What you need to do:
From the entries, return every line where the string "Carrefour" shows up.

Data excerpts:
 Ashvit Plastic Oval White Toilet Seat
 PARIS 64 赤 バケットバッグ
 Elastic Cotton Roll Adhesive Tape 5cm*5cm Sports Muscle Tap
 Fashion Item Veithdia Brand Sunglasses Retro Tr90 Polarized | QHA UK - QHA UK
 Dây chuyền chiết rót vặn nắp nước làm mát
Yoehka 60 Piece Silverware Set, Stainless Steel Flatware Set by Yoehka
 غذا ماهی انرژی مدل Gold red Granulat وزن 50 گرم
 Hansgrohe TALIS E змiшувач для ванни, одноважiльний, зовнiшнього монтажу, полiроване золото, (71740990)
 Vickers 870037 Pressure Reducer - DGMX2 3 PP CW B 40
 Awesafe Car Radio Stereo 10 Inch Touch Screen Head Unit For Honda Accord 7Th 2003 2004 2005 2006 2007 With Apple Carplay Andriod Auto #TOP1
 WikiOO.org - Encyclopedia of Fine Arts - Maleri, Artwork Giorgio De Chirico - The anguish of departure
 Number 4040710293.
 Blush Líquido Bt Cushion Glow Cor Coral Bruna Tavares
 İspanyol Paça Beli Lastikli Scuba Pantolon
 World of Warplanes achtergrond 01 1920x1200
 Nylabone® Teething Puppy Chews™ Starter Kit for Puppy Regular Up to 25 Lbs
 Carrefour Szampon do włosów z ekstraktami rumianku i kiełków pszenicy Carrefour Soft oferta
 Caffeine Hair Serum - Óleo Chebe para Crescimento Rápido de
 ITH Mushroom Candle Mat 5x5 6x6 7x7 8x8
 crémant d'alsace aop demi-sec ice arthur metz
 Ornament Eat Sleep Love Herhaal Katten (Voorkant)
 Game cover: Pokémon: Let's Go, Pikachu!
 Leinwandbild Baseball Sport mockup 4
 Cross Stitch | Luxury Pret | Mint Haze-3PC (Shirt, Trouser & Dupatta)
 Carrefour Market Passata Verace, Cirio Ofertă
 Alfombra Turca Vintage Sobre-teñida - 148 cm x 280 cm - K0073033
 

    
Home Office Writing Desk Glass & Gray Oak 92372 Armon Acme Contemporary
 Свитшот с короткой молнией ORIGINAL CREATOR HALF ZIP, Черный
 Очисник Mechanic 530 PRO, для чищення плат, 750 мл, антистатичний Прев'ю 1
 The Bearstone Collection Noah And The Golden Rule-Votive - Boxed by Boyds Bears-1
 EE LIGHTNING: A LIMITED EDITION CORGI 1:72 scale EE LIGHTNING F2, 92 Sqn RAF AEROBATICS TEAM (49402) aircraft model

Expected answer:
 Carrefour Szampon do włosów z ekstraktami rumianku i kiełków pszenicy Carrefour Soft oferta
 Carrefour Market Passata Verace, Cirio Ofertă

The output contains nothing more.